Outra estreia que está em desenvolvimento é "Máscaras de Oxigênio (não) Cairão Automaticamente", sobre um grupo de comissários de bordo que resolve aproveitar suas constantes viagens ao exterior para contrabandear o AZT, medicamento retroviral para o tratamento da infecção pelo vírus HIV —isso em pleno anos 1980. Mais uma vez, um tema muito brasileiro, mas com apelo mundial.
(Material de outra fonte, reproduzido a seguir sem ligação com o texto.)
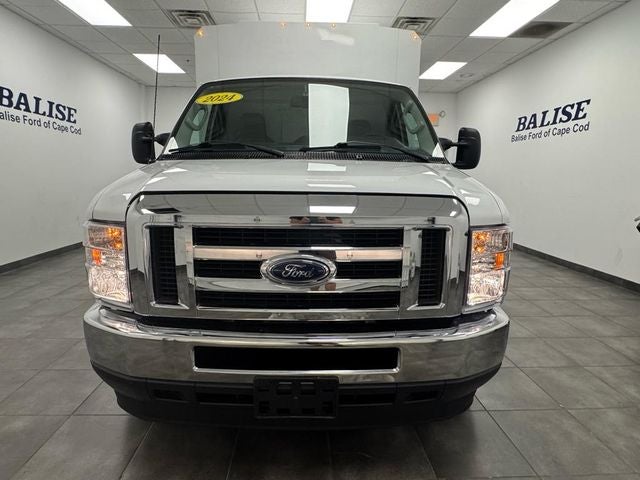2024 Ford E-350SD Base Cutaway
O elenco conta com nomes como Bruna Linzmeyer, Andréia Horta e Johnny Massaro.
Para o de hoje no Rio2C, a Warner pretende apresentar algumas novidades exclusivas sobre essas produções, além de trazer algumas estrelas para o palco principal do evento.
Até porque, vamos combinar: o streaming pode se chamar Max, HBO Max ou até ressuscitar o velho HBO Go. No fim das contas, o que o público realmente deseja é simples: o vídeo rodando sem travar e um conteúdo que justifique o valor da mensalidade.
Todo o resto? É problema para o marqueteiro justificar em slides e planilhas.